● **Information provided**:

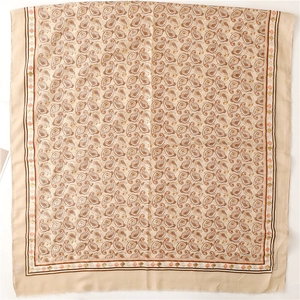 Detail of beige paisley scarf with cotton-linen feel and elegant silver foil printing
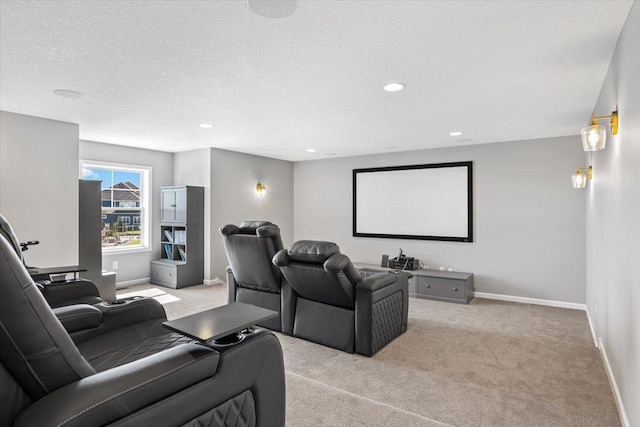 home theater room with light carpet, baseboards, a textured ceiling, and recessed lighting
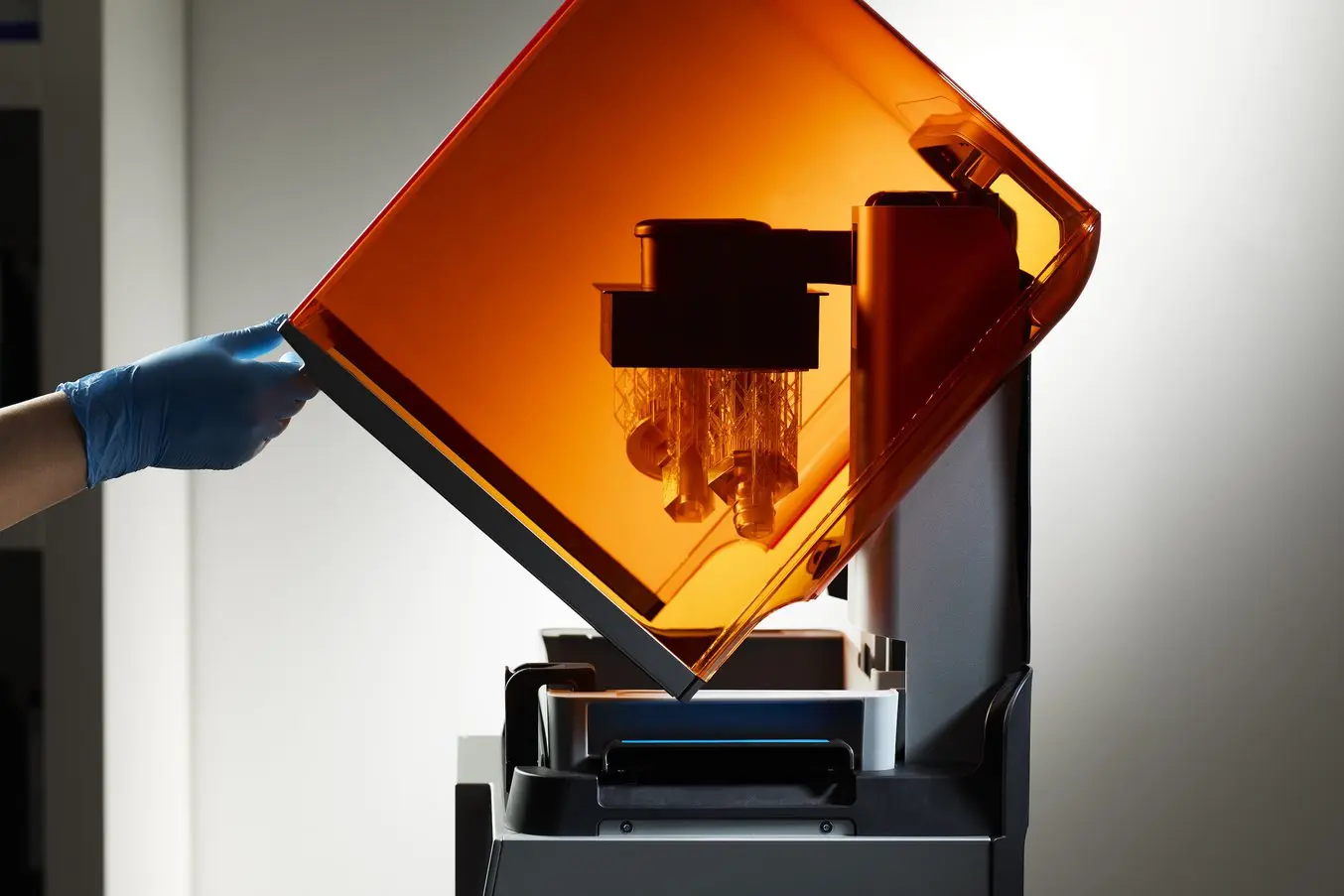 una mano con un guante azul levanta la cubierta naranja de una impresora 3D Form 4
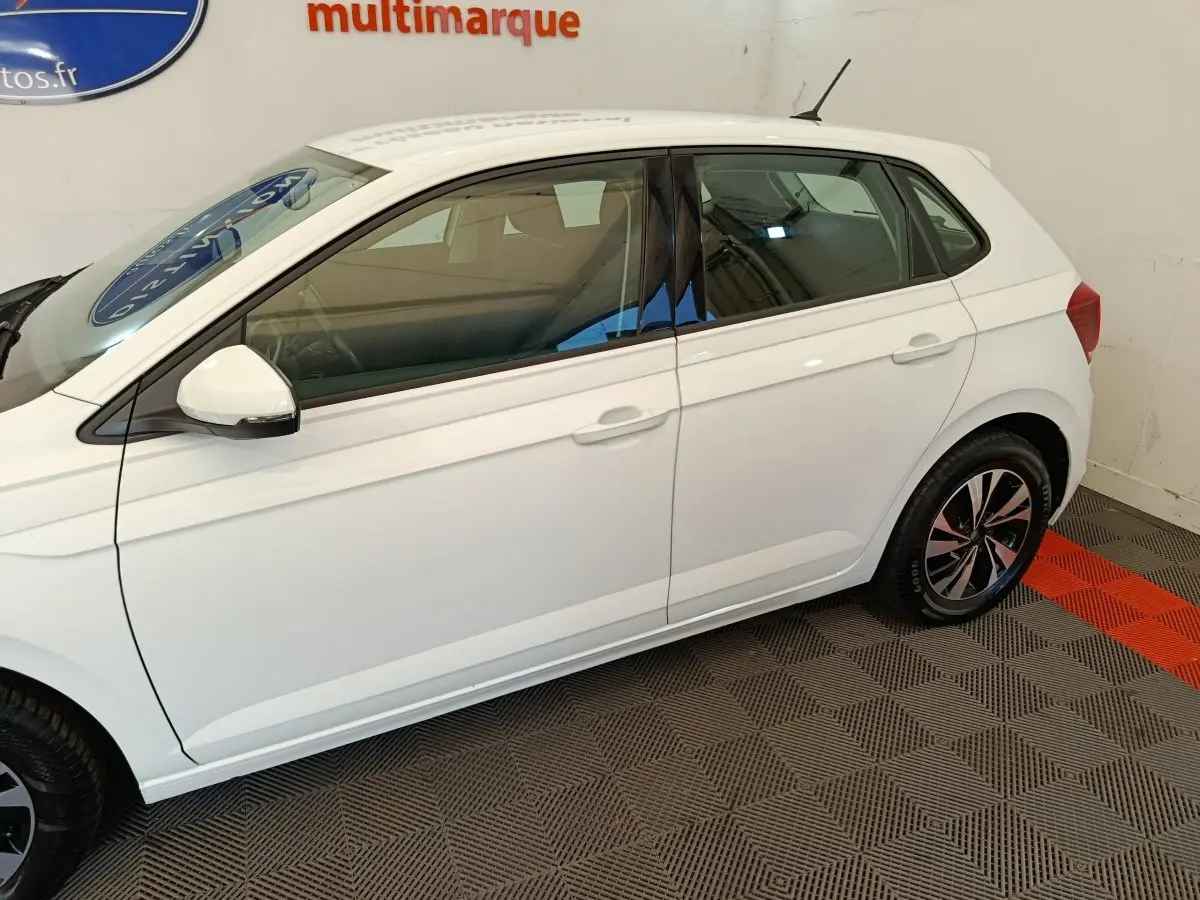 Profil côté gauche d'une Volkswagen Polo blanche 2020, avec jantes alliage et rétroviseurs blancs.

● **Exercise**: The finished answer is an exact repetition of the listing, with every picture removed.

● **Reply**:
 Detail of beige paisley scarf with cotton-linen feel and elegant silver foil printing
 home theater room with light carpet, baseboards, a textured ceiling, and recessed lighting
 una mano con un guante azul levanta la cubierta naranja de una impresora 3D Form 4
 Profil côté gauche d'une Volkswagen Polo blanche 2020, avec jantes alliage et rétroviseurs blancs.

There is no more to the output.